• What you are asked to do: Retype the data below exactly; skip every image.

• Short descriptive text snippets:
• • • •

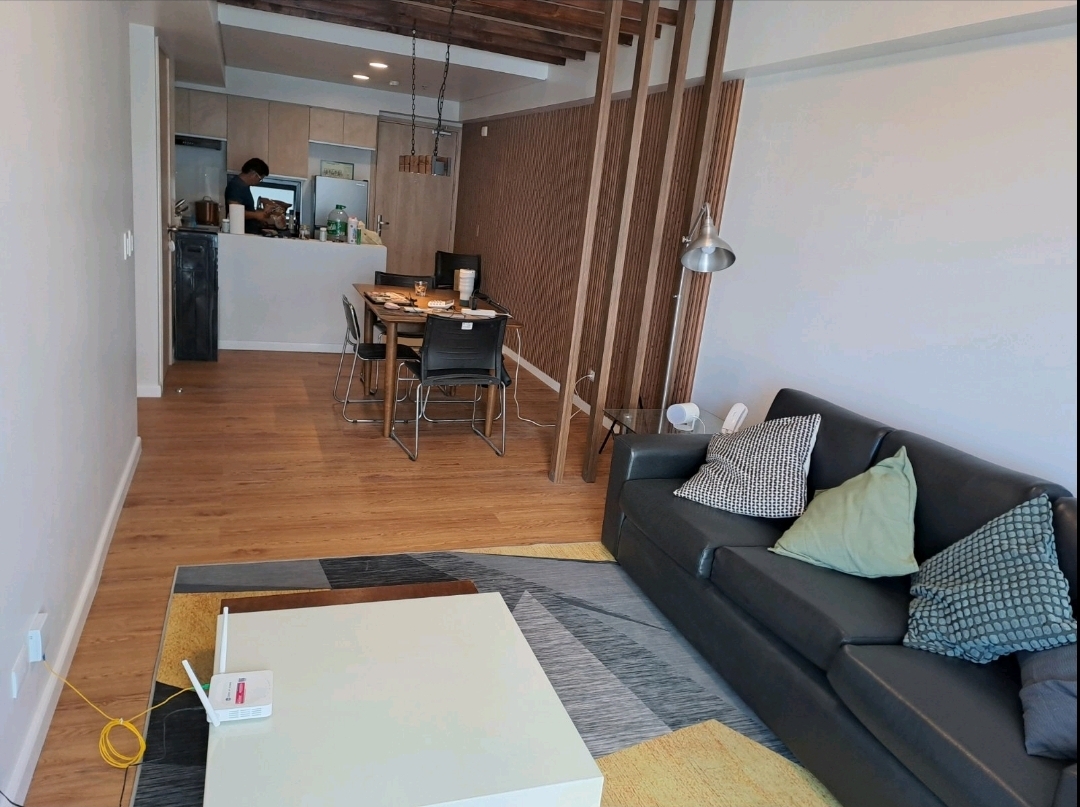 View from the living room toward the open kitchen with breakfast bar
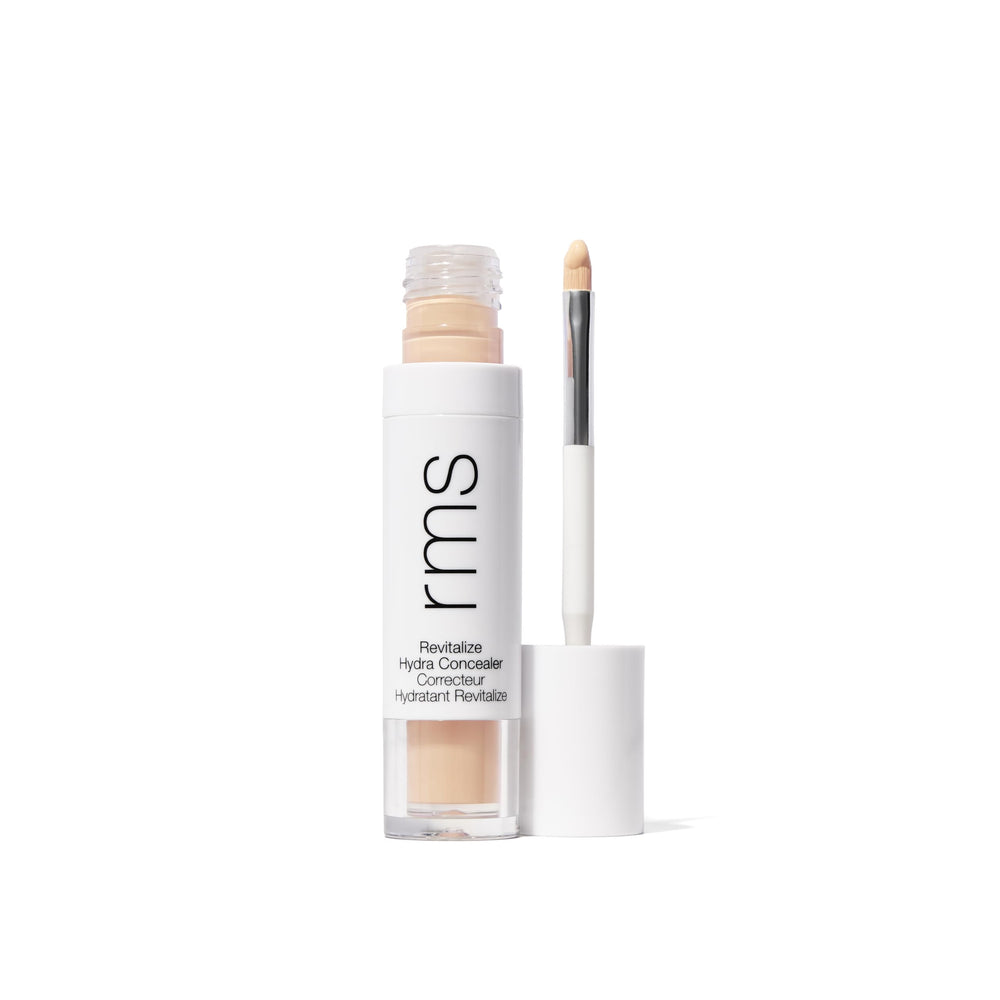 RMS Beauty Revitalize Hydra Concealer bottle with built-in brush for precise application.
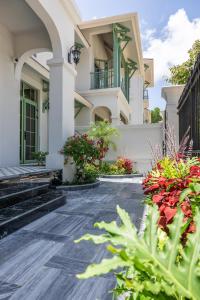 a white house with plants in front of it at S-Solution Villa Phu Quoc by DDH in Phu Quoc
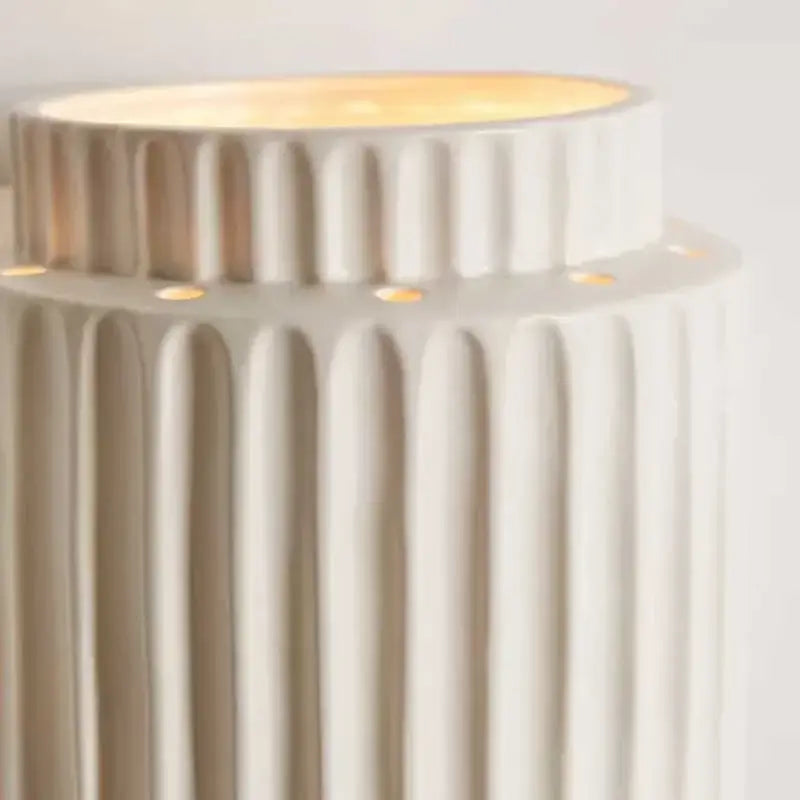 Cream white resin wall lamp with vertical ridges and warm glowing top for bedroom decorbites cream white lighting
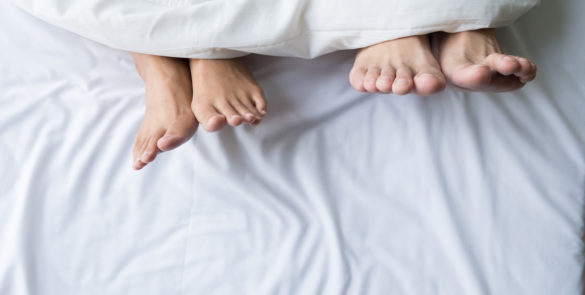 Feet of a couple sleeping side by side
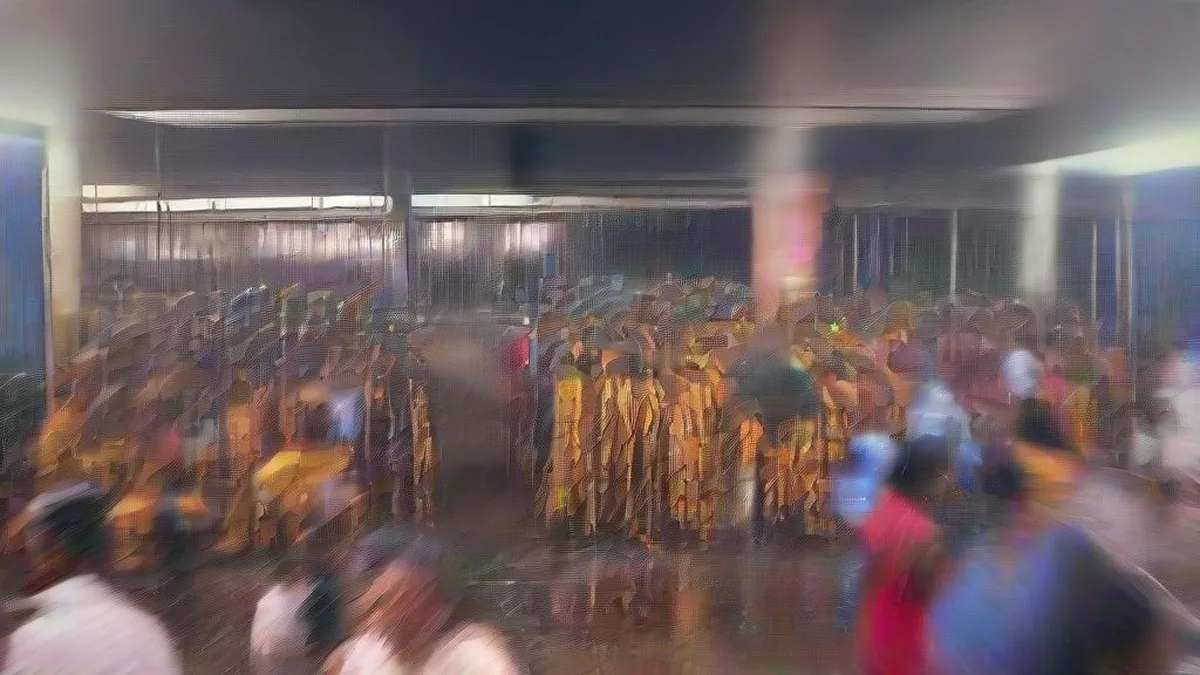 A state transport bus parked at a depot during evening rain in Tamil Nadu
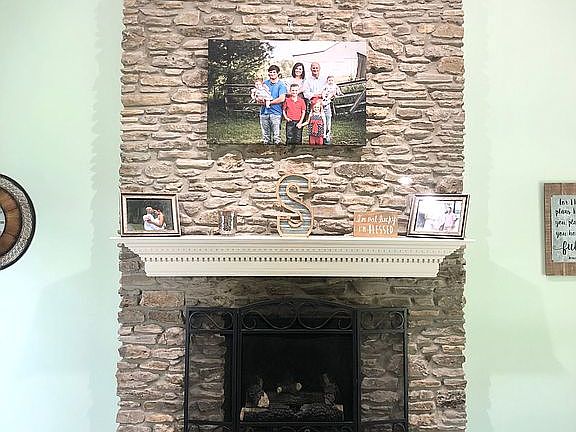 Living room with gas logs.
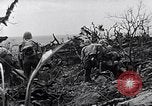 Image of Marines clearing Japanese defenders from a ridge Iwo Jima, 1945, second 36 stock footage video 65675026282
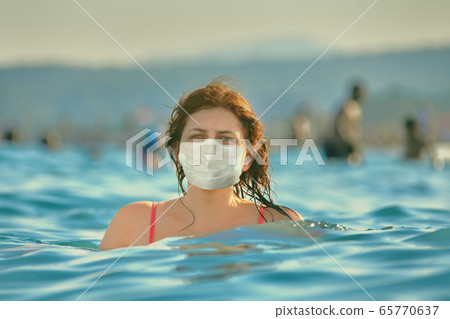 Relaxing during sea season in facial mask. 65770637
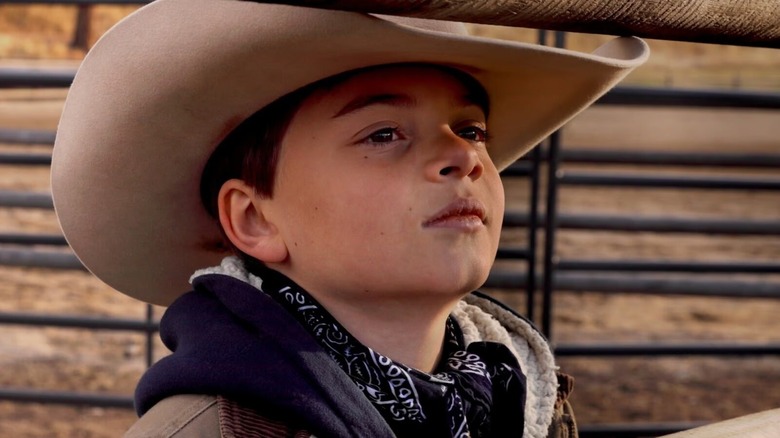 Tate Dutton is smiling and wearing a cowboy hat in Yellowstone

• • • •

• Solution:
 View from the living room toward the open kitchen with breakfast bar
 RMS Beauty Revitalize Hydra Concealer bottle with built-in brush for precise application.
 a white house with plants in front of it at S-Solution Villa Phu Quoc by DDH in Phu Quoc
 Cream white resin wall lamp with vertical ridges and warm glowing top for bedroom decorbites cream white lighting
 Feet of a couple sleeping side by side
 A state transport bus parked at a depot during evening rain in Tamil Nadu
 Living room with gas logs.
 Image of Marines clearing Japanese defenders from a ridge Iwo Jima, 1945, second 36 stock footage video 65675026282
 Relaxing during sea season in facial mask. 65770637
 Tate Dutton is smiling and wearing a cowboy hat in Yellowstone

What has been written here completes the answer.